The District Court did not err in holding that Renteria failed both prongs of the Johnson § 1443 test. We AFFIRM.
III. THE MOTION FOR STAY OF EXECUTION IS DENIED.
We "may not grant an injunction to stay proceedings in a State court except as expressly authorized by Act of Congress, or where necessary in aid of its jurisdiction, or to protect or effectuate its judgments." 28 U.S.C. § 2283. Notices of removal do not stay state court proceedings, 28 U.S.C. § 1455(b)(3), and requests for stays are "not available as a matter of right, and equity must be sensitive to the State's strong interest in enforcing its criminal judgments without undue interference from the federal courts." Hill v.

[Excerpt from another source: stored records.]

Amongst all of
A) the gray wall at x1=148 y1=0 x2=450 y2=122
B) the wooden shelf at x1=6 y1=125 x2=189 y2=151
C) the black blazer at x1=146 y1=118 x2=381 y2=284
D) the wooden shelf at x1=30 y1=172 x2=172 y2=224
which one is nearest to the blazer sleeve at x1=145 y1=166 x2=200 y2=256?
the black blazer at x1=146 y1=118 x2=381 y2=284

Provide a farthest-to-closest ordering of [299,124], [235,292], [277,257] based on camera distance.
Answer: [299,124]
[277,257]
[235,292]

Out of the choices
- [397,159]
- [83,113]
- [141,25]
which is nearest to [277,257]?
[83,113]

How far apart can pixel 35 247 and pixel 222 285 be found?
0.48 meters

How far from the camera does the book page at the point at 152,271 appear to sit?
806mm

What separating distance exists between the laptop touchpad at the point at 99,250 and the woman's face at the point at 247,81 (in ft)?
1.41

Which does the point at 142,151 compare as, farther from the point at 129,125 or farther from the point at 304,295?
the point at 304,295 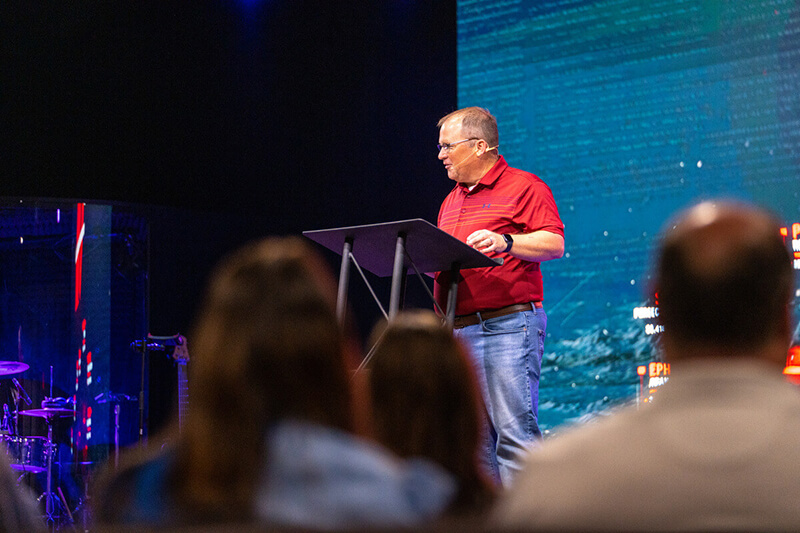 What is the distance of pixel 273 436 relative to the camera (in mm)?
852

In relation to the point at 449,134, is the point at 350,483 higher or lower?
lower

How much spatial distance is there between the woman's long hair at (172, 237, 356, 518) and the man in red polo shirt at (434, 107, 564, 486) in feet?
6.64

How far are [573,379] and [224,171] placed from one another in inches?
100.0

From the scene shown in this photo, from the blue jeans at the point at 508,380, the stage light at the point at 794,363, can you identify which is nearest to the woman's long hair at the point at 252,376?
the blue jeans at the point at 508,380

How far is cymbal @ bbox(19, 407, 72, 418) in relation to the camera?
4938 mm

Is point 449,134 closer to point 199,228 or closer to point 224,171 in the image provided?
point 224,171

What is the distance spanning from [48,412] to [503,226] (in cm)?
317

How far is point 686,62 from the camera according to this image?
16.8 feet

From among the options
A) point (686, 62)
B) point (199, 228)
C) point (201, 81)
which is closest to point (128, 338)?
point (199, 228)

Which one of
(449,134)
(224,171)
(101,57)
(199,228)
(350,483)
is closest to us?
(350,483)

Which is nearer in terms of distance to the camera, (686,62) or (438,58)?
(686,62)

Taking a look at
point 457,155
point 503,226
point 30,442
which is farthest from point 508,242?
point 30,442

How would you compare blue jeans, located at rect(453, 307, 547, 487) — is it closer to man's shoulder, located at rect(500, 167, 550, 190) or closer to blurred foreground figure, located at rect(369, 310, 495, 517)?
man's shoulder, located at rect(500, 167, 550, 190)

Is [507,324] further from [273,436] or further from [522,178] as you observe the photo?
[273,436] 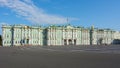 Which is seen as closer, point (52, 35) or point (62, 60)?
point (62, 60)

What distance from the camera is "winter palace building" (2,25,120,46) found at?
387 ft

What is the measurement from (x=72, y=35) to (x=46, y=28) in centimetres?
1751

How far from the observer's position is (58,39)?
13388cm

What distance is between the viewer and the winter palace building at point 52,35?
118 metres

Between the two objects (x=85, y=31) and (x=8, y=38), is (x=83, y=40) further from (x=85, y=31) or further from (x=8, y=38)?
(x=8, y=38)

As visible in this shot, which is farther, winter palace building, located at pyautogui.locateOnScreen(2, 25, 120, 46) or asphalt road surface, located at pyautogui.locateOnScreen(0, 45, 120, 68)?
winter palace building, located at pyautogui.locateOnScreen(2, 25, 120, 46)

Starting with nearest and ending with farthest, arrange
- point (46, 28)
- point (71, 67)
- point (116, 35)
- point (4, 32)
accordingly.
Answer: point (71, 67)
point (4, 32)
point (46, 28)
point (116, 35)

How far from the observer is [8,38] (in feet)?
382

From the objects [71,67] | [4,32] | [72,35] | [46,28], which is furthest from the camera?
[72,35]

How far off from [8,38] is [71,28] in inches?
1566

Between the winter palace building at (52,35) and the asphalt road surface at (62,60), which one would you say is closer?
the asphalt road surface at (62,60)

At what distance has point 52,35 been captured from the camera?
429 ft

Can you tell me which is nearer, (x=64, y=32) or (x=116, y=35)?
(x=64, y=32)

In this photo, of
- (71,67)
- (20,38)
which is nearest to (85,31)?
(20,38) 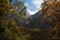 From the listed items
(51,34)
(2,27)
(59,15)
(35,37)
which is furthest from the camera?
(35,37)

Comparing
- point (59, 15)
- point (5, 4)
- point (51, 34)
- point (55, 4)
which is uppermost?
point (5, 4)

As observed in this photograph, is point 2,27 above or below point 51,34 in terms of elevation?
above

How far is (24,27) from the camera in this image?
1745 cm

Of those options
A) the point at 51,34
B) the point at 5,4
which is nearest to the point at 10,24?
the point at 5,4

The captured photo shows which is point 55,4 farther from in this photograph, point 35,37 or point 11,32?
point 35,37

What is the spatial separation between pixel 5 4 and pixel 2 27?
1765mm

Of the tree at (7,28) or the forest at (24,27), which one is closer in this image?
the forest at (24,27)

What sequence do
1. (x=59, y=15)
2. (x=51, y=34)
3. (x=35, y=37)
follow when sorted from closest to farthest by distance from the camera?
(x=59, y=15) → (x=51, y=34) → (x=35, y=37)

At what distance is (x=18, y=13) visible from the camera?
61.4ft

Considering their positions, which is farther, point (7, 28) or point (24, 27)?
point (24, 27)

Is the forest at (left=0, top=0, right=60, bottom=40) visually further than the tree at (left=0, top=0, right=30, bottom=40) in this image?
No

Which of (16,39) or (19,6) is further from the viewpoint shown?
(19,6)

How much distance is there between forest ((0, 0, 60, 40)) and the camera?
34.8ft

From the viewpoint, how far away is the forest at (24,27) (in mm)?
10602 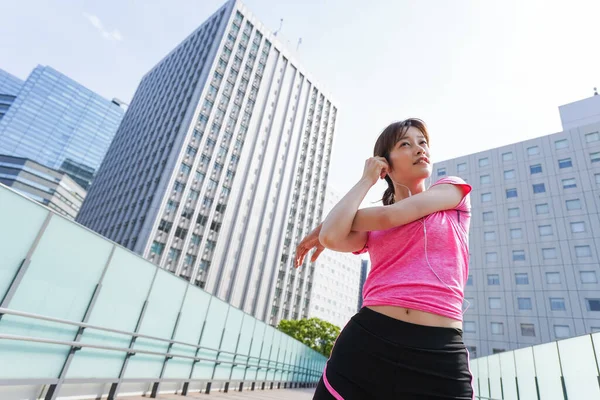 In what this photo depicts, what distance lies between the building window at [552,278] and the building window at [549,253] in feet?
5.09

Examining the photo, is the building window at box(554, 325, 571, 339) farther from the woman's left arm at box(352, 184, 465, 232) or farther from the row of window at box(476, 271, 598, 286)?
the woman's left arm at box(352, 184, 465, 232)

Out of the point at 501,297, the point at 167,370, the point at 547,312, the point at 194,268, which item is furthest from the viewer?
the point at 194,268

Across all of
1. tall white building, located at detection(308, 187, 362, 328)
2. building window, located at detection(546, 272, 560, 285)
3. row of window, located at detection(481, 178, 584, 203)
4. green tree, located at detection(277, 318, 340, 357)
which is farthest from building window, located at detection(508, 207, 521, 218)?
tall white building, located at detection(308, 187, 362, 328)

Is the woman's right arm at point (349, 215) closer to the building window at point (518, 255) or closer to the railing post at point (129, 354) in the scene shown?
the railing post at point (129, 354)

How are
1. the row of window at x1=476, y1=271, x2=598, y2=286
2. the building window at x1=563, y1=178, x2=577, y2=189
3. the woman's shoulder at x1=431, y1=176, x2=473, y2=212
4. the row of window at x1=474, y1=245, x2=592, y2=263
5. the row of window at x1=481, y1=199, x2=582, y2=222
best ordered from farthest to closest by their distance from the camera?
the building window at x1=563, y1=178, x2=577, y2=189, the row of window at x1=481, y1=199, x2=582, y2=222, the row of window at x1=474, y1=245, x2=592, y2=263, the row of window at x1=476, y1=271, x2=598, y2=286, the woman's shoulder at x1=431, y1=176, x2=473, y2=212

McDonough, 547 U.S. 573, 583-84 (2006) (citing Nelson v. Campbell, 541 U.S. 637, 649-50 (2004)).
We consider the following when presented with a request for stay of execution:
(1) whether the stay applicant has made a strong showing that he is likely to succeed on the merits; (2) whether the applicant will be irreparably injured absent a stay; (3) whether issuance of the stay will substantially injure the other parties interested in the proceeding; and (4) where the public interest lies.Nken v. Holder, 556 U.S. 418, 434 (2009) (quoting Hilton v. Braunskill, 481 U.S. 770, 776 (1987)). In a capital case, the movant is not always required to show a probability of success on the merits, but "'he must present a substantial case on the merits when a serious legal question is involved and show that the balance of the equities [i.e., the other three factors] weighs heavily in favor of granting a stay.'" White v. Collins, 959 F.2d 1319, 1322 (5th Cir. 1992) (alteration in original) (quoting Celestine v. Butler, 823 F.2d 74, 77 (5th Cir.1987)), cert. denied, 503 U.S. 1001 (1992); see also Ruiz v. Estelle, 666 F.2d 854, 856-57 (5th Cir. 1982).
We must also consider "the State's strong interest in proceeding with its judgment" and "attempt[s] at manipulation," as well as "the extent to which the inmate has delayed unnecessarily in bringing the claim." Nelson, 541 U.S. at 649-50. "[T]here is a strong presumption against the grant of a stay where a claim could have been brought at such a time as to allow consideration of the merits without requiring entry of a stay." Id. at 650.
Renteria's Motion does nothing but re-urge the arguments we evaluated (and found lacking) above. And there is little question that his removal request is dilatory-it has been over two decades since his conviction and sentencing, and half a decade since the DAO disclosed the witness statement that Renteria based his request to access its files on. One cannot help but conclude that the Motion was delayed unnecessarily, so much so that it constitutes an attempt at manipulation. Id. at 649-50. Finally, our review of the record confirms that neither the public interest nor balance of equities favor a stay. Id. We DENY Renteria's Motion.
IV. CONCLUSION
We AFFIRM the District Court and DENY Renteria's Motion for the reasons discussed above.
[*] This opinion is not designated for publication. See 5TH CIR. R. 47.5.